An even more fundamental issue is that problem/solution approach assumes consumers have lots of problems that they want brands to resolve. In SEA, a workaround mindset endures, in spite of economic progress. Sulekha cleverly satirised this recently in India with its ‘anti-jugaad’ campaign.

But we’ve seen even more extraordinary examples of people making their own solutions versus buying solutions first hand. For example, very affluent Vietnamese homes, where a table-top fan is stuck to the ceiling with gaffer tape in lieu of air conditioning, or a newly refurbished sitting room with a 15-year-old entertainment system centre stage. We’ve met wealthy dads in Indonesia who’d rather buy fake DVDs each week than subscribe to a media service, or students who buy ‘introduction’ SIM cards each week to get the best data plan.

This is a mindset that is not (just) about money—although that is part of it. We shouldn’t underestimate that there’s some satisfaction in being savvy and finding clever ‘life hacks’. People are not always convinced that brand solutions are better. On a trip to the Philippines, I noticed that the sitting room entertainment centre had around 12 remote controls. When I asked why they didn’t buy one integrated remote, they were surprised: What would happen if they lost it? Yes, my solution resolved one tension. But it set up quite another which would be even more problematic.

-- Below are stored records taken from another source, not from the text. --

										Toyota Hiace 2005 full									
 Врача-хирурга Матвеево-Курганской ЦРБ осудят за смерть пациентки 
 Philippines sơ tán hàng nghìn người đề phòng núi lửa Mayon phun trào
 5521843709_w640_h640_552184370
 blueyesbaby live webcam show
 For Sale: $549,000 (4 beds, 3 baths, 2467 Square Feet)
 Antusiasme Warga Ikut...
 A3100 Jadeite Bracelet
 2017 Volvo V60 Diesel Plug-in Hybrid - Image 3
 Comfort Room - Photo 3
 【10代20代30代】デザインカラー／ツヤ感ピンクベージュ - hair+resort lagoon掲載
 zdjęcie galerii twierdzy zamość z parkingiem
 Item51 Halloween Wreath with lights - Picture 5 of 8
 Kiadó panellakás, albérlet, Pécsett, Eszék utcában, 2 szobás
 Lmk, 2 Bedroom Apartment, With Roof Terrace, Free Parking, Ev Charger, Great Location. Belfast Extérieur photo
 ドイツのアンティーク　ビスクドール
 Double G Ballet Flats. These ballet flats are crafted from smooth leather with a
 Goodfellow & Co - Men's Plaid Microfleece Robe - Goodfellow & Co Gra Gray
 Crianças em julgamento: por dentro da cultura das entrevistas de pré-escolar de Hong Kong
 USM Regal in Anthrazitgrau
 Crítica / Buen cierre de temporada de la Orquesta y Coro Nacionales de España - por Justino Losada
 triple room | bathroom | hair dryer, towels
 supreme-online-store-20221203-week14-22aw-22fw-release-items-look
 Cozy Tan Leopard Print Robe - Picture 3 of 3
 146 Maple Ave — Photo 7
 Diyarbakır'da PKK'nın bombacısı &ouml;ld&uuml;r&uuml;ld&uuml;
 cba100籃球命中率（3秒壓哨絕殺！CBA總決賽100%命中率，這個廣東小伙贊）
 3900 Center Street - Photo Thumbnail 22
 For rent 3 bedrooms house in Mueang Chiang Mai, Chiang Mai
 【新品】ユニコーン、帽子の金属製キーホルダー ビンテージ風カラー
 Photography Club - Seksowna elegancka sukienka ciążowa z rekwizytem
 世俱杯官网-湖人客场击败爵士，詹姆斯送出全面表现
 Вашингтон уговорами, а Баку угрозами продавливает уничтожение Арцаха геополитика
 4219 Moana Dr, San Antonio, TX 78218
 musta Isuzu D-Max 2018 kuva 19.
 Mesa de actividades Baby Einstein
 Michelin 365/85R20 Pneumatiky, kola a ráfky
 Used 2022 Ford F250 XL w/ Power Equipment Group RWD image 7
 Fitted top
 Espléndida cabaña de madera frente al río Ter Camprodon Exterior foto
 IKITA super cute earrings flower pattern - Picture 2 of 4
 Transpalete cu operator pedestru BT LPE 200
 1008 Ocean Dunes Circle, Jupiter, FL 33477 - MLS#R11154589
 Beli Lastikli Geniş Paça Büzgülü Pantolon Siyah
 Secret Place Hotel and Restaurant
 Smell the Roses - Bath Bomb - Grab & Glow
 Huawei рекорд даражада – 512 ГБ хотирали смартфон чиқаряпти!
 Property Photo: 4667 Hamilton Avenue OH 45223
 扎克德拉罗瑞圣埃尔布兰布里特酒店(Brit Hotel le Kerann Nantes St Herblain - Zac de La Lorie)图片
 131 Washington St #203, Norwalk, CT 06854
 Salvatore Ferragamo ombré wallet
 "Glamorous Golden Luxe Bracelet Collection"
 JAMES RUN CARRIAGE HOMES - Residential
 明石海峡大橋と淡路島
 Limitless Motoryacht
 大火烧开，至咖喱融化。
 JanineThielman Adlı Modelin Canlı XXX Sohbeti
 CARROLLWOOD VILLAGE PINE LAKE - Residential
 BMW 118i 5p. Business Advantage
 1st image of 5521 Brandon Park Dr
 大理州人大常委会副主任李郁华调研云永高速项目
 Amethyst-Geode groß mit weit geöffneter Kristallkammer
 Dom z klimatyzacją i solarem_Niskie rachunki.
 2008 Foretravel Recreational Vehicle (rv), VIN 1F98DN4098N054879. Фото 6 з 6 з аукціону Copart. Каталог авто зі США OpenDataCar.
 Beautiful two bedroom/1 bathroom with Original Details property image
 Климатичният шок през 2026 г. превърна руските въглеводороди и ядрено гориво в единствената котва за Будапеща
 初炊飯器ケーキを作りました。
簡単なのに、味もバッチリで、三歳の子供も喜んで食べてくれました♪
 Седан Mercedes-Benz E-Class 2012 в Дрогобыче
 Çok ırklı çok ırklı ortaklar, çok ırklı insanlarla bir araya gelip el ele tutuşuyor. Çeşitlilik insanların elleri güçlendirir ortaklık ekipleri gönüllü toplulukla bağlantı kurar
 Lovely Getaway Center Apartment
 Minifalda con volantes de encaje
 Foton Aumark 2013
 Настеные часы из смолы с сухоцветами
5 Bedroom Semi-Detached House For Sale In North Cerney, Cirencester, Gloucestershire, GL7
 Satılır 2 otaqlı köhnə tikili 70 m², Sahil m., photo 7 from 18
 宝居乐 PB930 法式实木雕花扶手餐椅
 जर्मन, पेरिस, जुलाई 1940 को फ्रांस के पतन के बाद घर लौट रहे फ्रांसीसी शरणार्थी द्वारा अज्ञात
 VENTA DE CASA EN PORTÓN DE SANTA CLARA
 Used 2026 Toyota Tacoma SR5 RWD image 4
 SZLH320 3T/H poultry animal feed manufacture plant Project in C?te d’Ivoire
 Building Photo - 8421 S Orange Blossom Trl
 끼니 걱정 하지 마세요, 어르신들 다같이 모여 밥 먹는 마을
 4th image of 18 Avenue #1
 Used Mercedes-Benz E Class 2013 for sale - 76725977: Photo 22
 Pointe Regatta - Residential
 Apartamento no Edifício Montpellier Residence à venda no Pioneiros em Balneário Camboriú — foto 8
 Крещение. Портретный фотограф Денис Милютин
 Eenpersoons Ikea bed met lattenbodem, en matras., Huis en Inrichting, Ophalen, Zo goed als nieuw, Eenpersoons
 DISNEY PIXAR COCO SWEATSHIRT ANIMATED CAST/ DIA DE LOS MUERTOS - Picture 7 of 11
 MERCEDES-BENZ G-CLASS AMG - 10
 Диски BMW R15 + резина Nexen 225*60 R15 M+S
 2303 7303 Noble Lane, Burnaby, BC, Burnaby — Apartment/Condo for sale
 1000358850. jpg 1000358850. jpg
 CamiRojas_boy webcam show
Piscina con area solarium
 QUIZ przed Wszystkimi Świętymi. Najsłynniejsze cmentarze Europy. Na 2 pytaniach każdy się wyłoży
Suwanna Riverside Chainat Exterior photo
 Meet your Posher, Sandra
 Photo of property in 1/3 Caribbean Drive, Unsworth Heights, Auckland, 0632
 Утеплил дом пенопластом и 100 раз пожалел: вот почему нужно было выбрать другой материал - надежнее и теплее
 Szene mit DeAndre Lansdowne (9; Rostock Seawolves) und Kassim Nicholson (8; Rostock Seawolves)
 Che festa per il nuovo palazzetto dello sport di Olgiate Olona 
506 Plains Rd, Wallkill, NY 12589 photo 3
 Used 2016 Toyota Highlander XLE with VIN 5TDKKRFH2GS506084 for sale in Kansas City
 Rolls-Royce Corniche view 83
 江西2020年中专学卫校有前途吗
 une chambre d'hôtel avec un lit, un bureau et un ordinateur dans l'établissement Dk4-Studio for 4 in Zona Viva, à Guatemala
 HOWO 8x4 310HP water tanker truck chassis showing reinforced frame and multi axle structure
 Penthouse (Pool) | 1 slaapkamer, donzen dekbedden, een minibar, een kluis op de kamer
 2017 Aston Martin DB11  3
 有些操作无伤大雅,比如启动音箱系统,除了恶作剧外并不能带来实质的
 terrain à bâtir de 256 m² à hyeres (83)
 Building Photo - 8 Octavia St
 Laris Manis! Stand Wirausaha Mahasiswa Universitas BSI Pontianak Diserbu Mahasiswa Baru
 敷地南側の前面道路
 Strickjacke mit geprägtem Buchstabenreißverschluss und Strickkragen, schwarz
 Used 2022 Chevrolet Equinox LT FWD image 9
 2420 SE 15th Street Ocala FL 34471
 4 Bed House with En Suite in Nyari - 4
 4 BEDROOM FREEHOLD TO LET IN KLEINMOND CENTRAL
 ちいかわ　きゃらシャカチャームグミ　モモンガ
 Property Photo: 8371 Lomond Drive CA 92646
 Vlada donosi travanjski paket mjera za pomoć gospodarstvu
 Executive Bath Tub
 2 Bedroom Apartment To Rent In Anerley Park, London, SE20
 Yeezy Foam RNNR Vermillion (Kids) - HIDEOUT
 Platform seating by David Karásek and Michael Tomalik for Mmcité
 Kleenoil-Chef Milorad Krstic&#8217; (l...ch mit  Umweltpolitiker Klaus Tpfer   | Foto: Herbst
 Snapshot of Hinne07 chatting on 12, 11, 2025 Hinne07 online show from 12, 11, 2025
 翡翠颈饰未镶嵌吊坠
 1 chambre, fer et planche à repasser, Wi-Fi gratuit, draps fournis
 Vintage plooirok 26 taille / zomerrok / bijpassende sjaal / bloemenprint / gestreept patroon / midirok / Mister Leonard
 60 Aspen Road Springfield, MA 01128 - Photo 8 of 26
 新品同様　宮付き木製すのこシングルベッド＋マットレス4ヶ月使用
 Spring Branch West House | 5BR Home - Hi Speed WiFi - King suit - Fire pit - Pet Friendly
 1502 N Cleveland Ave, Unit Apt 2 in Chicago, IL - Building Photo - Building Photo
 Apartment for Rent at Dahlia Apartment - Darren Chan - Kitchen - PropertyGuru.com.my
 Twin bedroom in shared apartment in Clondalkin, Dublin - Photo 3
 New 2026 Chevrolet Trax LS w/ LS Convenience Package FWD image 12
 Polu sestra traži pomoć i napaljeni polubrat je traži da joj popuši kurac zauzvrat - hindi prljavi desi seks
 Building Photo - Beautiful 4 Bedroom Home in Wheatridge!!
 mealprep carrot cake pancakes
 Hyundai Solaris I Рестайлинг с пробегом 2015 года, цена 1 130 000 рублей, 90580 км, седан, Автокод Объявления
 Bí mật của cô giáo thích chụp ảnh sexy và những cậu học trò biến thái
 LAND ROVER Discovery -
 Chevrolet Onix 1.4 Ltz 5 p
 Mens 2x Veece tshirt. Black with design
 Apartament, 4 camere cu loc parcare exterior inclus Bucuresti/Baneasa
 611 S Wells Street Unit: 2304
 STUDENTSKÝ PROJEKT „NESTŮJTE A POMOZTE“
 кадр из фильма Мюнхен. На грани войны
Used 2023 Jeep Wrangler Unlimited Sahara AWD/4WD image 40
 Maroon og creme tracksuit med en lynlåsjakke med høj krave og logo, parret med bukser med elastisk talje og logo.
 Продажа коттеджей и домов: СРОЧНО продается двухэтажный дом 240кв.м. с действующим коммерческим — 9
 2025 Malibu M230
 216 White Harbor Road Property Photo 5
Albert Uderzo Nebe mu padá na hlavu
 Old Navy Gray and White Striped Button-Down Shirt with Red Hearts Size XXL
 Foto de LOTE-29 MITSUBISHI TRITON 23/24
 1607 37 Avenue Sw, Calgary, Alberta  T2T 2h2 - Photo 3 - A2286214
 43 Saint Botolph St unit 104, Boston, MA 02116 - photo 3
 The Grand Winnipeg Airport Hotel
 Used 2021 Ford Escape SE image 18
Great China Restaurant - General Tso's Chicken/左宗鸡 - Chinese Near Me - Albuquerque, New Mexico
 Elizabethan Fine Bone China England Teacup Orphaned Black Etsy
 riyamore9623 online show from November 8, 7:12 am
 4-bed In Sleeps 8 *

This article is part of the Cultural Radar series

We believe looking beyond problem/solution innovation enables us to tap into something truly differentiated and resonant for consumers in these markets. This means approaching innovation with a fundamentally different point of view:  

  • Looking wide rather than drilling deep. We need to look to other categories, adjacent industries and other markets to understand the possibilities rather than just the issues.
  • Looking to the wider world of the consumer’s life beyond the product. What role does our brand or product play in their life today? What fills similar needs? Where might we move?
  • Seeing consumers as one source of insight, but not the sole source. Tapping into super consumers, naive experts, and cultural thinkers’ points of view, as well as internal business capabilities will build a more holistic picture.
  • More fundamentally, we need to approach innovation with a more open mindset. Rather than just seeing it as resolving tensions, we could think of augmenting pleasure points in product usage. Identifying what consumers enjoy most about products—the fragrance of a laundry wash, the visuals of a TV, or the texture of a t-shirt—and finding ways to augment them. In this part of the world, consumers may be much more articulate in building a rich, nuanced picture of the things they love, rather than pinpointing the pain points of the things they’d like to change.

If we take this approach, the innovation challenge changes. It’s no longer about finding the ‘pain point’ needle in the haystack, but a matter of pressure testing, conflating and filtering all different insight streams through the lens of the brand. This in itself is no easy task. It requires conviction from clients and partners to make the right strategic calls. But it feels like a much more exciting, rich and open source of innovation, rather than trying to find new things through old means.